エッコ チェンバー 地下

─ €cco ₵hamber ฿asement, Vaporwave / Đésir đupłication répétition ─

Ebi Soda: Ugh (2020) - エッチなボントロが勝ち誇る、そしてニャンニャンへ──

《エビ・ソーダというバンド名だが、そのエビが海老のことなのかどうか、現状では明らかでない()。英ブライトンを拠点に活動する、コンテンポラリー・ジャズの5人組だよ。
2019年に彼らはEP、“Ebi Soda”でデビュー。追って同年に1stアルバム、そして今2020年、2ndの“Ugh”を発表。こういうマイナーなシーンの中では、かなり話題になってるほうだと思うんだけど。
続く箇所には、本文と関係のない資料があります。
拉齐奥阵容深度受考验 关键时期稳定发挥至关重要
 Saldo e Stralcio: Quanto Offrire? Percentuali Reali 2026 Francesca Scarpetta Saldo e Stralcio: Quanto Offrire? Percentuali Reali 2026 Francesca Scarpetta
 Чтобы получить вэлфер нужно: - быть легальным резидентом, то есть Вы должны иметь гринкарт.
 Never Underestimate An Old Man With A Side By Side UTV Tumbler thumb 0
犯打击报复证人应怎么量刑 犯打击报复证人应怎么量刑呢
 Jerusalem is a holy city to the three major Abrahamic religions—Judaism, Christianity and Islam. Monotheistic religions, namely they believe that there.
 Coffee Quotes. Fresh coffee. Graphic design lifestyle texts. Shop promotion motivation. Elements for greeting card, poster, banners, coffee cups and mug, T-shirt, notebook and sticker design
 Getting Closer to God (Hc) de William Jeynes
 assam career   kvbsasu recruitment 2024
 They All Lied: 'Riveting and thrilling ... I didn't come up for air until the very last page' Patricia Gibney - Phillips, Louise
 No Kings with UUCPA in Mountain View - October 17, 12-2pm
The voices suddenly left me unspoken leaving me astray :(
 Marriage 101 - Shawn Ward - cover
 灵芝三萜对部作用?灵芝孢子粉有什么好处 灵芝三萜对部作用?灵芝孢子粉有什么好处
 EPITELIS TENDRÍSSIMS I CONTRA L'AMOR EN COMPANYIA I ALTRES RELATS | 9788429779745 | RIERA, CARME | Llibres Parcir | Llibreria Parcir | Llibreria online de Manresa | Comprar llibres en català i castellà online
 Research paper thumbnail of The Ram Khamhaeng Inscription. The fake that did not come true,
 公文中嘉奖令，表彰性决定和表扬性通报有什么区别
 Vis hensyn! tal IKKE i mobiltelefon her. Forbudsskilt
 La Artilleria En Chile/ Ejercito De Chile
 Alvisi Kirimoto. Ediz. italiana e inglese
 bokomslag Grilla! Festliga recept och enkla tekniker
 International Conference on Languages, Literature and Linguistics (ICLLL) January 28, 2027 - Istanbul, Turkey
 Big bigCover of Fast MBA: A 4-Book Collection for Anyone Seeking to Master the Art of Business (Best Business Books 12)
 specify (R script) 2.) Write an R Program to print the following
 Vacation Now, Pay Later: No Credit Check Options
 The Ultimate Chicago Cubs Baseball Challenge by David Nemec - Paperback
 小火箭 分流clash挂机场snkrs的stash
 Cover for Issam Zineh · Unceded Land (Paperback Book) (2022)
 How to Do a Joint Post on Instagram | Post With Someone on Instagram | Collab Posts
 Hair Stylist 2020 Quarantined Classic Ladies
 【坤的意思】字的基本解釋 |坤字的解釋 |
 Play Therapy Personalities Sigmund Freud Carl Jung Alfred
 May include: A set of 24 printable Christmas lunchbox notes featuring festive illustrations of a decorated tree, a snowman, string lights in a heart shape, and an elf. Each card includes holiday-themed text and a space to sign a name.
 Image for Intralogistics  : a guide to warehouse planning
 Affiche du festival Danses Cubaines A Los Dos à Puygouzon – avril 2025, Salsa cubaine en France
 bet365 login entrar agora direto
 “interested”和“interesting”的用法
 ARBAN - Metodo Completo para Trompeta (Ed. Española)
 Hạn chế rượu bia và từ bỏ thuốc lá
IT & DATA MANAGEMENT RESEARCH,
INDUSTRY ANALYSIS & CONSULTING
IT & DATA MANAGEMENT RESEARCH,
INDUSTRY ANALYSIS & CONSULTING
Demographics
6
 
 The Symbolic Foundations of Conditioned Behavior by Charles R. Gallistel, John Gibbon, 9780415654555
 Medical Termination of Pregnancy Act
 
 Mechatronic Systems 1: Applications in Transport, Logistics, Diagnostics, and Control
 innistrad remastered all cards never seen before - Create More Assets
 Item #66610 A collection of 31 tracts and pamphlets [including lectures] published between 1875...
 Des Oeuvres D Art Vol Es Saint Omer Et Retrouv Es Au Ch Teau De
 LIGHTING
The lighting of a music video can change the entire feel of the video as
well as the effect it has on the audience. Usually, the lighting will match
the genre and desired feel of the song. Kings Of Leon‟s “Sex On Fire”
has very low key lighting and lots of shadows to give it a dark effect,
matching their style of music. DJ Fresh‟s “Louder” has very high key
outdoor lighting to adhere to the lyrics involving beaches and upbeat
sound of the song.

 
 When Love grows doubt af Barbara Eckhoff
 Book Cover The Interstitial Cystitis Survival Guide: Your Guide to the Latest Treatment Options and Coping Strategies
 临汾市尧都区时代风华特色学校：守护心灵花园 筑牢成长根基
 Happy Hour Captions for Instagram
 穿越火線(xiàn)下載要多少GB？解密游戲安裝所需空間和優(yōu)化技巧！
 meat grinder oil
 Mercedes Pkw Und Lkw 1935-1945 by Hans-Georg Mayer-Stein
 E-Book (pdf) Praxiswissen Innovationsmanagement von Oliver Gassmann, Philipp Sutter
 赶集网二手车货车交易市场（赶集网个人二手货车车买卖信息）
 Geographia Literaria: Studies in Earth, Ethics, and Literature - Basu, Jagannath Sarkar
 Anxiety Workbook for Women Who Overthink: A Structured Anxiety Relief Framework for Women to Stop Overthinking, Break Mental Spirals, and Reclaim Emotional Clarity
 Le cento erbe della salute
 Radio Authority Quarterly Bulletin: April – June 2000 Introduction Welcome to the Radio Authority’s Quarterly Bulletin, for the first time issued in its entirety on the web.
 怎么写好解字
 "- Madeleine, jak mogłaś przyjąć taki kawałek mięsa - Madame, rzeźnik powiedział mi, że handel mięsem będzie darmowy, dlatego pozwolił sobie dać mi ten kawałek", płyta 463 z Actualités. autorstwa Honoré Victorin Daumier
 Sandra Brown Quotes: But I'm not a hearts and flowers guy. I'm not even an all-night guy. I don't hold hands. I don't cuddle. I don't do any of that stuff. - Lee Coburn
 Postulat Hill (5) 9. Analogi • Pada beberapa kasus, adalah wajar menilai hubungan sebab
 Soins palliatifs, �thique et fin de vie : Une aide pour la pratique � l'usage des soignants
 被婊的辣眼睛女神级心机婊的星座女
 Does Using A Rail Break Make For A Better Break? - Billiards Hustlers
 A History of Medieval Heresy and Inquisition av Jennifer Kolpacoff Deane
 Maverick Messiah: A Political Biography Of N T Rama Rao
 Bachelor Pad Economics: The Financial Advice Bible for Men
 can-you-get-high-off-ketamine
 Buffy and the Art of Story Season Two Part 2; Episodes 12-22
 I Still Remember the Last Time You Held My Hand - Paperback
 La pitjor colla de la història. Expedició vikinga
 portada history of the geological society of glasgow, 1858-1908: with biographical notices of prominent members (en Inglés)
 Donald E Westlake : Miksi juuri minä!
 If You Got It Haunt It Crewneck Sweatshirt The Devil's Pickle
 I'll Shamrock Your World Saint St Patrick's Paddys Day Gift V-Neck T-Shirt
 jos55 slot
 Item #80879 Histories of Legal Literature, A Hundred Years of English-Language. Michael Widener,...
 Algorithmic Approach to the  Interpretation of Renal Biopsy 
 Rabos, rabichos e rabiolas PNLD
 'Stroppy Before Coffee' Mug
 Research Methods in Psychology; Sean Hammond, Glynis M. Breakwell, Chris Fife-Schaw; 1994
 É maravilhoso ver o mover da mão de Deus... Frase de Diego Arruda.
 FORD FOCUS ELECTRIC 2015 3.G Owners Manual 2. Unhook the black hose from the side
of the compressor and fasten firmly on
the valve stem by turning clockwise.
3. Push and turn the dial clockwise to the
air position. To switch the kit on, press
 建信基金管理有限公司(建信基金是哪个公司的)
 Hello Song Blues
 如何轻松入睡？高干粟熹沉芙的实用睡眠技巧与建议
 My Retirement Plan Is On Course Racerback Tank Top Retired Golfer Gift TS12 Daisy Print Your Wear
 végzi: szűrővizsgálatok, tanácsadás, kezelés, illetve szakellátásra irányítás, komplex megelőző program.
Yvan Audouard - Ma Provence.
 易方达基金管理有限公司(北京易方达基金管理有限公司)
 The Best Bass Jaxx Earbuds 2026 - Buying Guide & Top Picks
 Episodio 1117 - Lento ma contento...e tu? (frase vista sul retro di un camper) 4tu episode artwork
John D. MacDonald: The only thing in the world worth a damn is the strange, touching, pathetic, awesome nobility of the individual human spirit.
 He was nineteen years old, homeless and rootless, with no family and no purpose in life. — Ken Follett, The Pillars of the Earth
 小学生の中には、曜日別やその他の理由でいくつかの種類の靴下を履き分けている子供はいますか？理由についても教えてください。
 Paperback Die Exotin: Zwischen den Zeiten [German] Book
そのエビちゃんズのサウンドの、どこが注目かというと。現代的なエレクトロニクスに対する《ジャズ》本来の自由っぽさ、有機性──、その融合のレベルが、きわめて高い。
ひじょうにコントロールされた構築的で立体的なサウンドと、即興演奏の衝動性。それらがみごとに、両立しているんだよね。

これをマイルス・デイビス(「キリマンジャロの娘」〜「アガルタ」時代)以来の快挙、とまで言ったら、少々ホメすぎだろうけど。しかしエレクトロニクスの水準が上がっているわけなので、あの当時にはデキなかった斬新なサウンドになっている、とも言えそう。

とくに印象的なのは、トロンボーンのソロとそれを包み込んでいくバッキングの拡がり。いや実は、“ソロと伴奏”ってェなシンプルな構成ではなくて、そこが有機的だと人の子らに伝えたい。がしかし、こういう用語しかボキャブラリーに、ない

いまうちらが見ているエビ・ソーダの2nd、『うぐぅ』。その第1曲の「エッチ」で、ボントロがテーマっぽいメロディを奏している背後、いろんな人らがオブリガート的にヘンな音を鳴らしている。反復に従ってそれらが、ダブ的処理によって積み重なり、どんどん複雑なサウンドになっていく。
そしてラスト10曲めのニャンニャンは、さらに過激なんだ。カッコいく咆哮しまくるボントロの背後で、もともとの複雑なアンサンブルがエコーか何かでズイズイと積み上げられ、そして切り刻まれ、大カオスの爆誕へッ。
で、もうワケが分からなくなる寸前だが。しかし、音楽の方向性が見失われることはない──、この構成力が、実にすごい。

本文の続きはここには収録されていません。